WORK TO BE COMPLETED: An exact, complete printout of the listing is wanted, minus its images.
═════ COLLECTED MATERIAL ═════
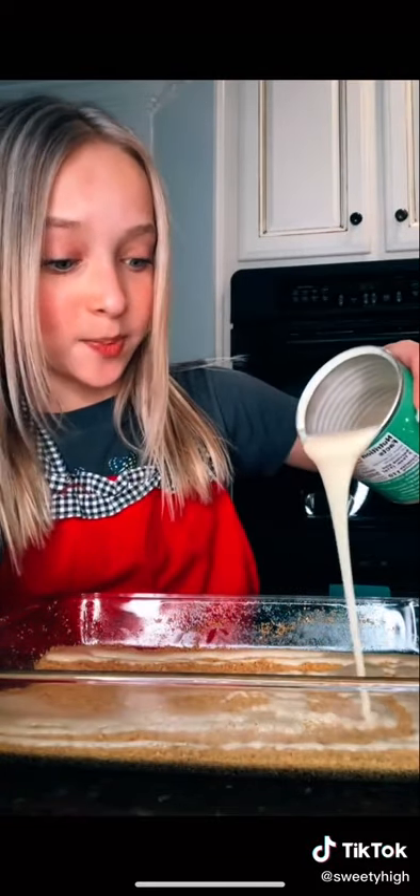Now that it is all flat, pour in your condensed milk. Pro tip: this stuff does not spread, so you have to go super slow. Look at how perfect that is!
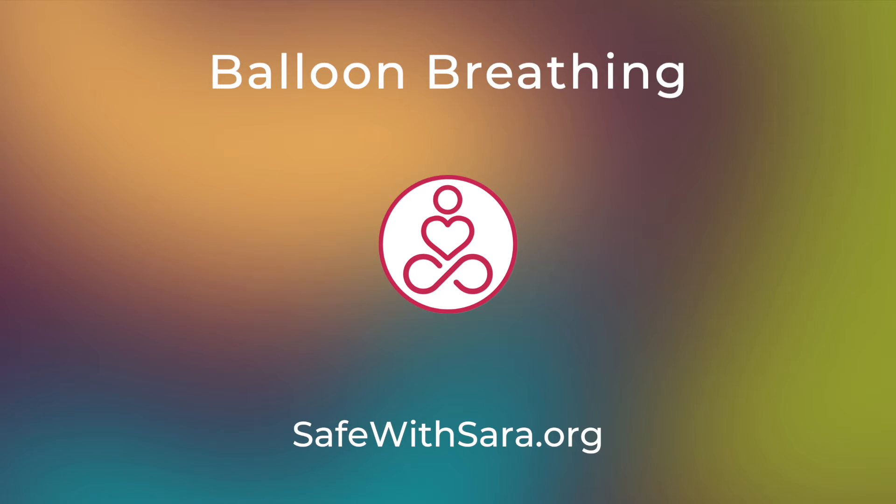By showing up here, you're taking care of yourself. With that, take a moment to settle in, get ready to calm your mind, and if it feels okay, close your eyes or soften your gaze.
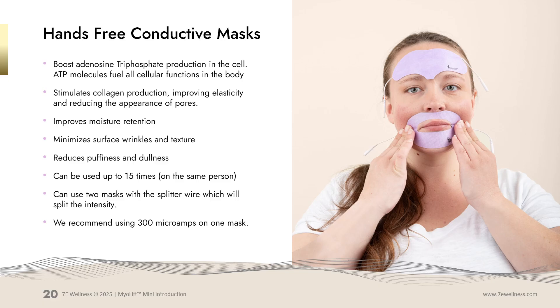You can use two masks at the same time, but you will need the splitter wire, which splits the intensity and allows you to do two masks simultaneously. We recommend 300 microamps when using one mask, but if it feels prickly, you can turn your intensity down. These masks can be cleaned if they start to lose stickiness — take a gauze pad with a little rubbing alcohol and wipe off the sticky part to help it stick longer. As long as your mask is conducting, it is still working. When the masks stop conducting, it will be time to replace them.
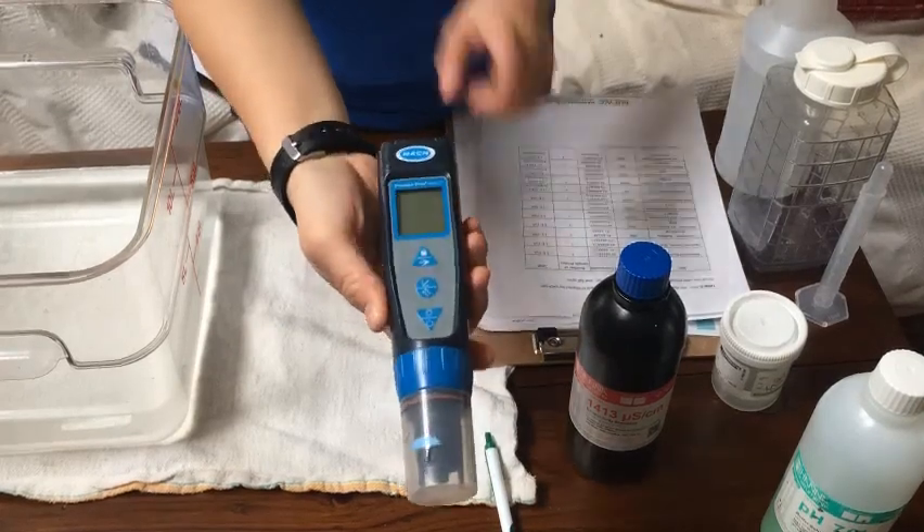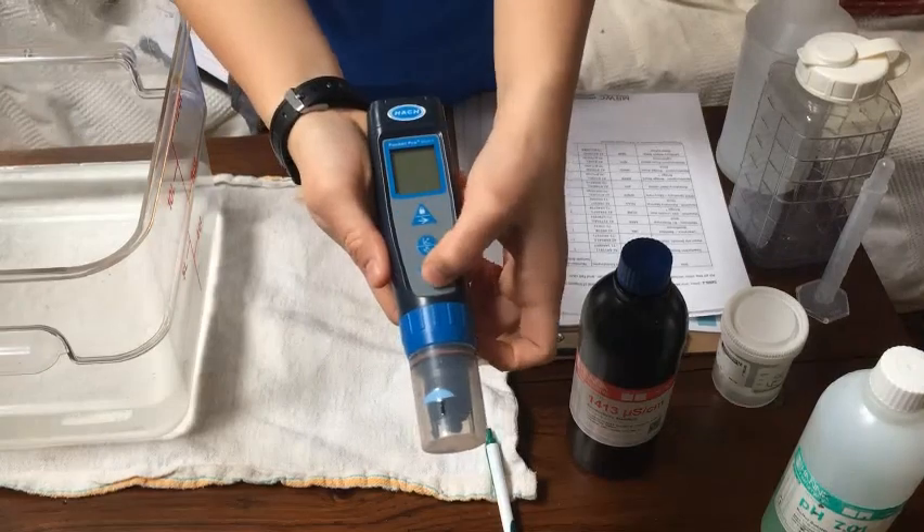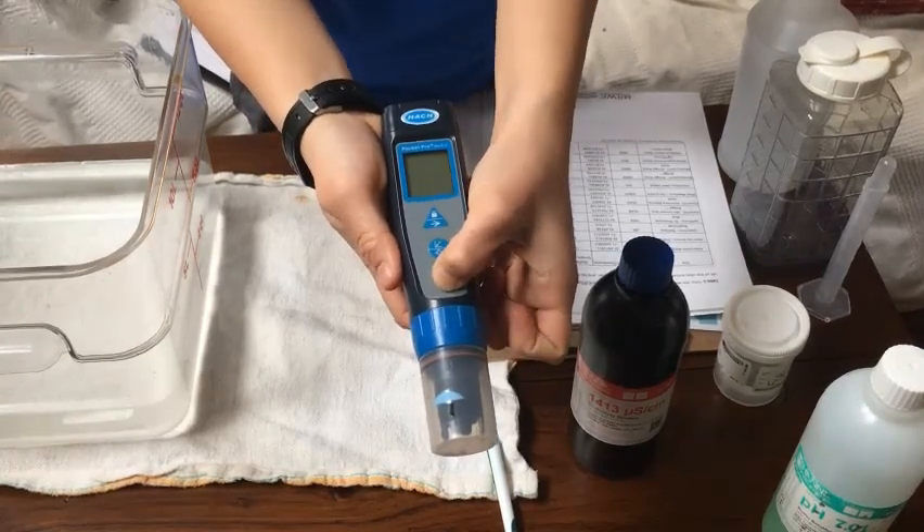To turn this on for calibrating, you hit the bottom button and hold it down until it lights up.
═════
RESPONSE FOR THIS EXERCISE:
Now that it is all flat, pour in your condensed milk. Pro tip: this stuff does not spread, so you have to go super slow. Look at how perfect that is!
By showing up here, you're taking care of yourself. With that, take a moment to settle in, get ready to calm your mind, and if it feels okay, close your eyes or soften your gaze.
You can use two masks at the same time, but you will need the splitter wire, which splits the intensity and allows you to do two masks simultaneously. We recommend 300 microamps when using one mask, but if it feels prickly, you can turn your intensity down. These masks can be cleaned if they start to lose stickiness — take a gauze pad with a little rubbing alcohol and wipe off the sticky part to help it stick longer. As long as your mask is conducting, it is still working. When the masks stop conducting, it will be time to replace them.
To turn this on for calibrating, you hit the bottom button and hold it down until it lights up.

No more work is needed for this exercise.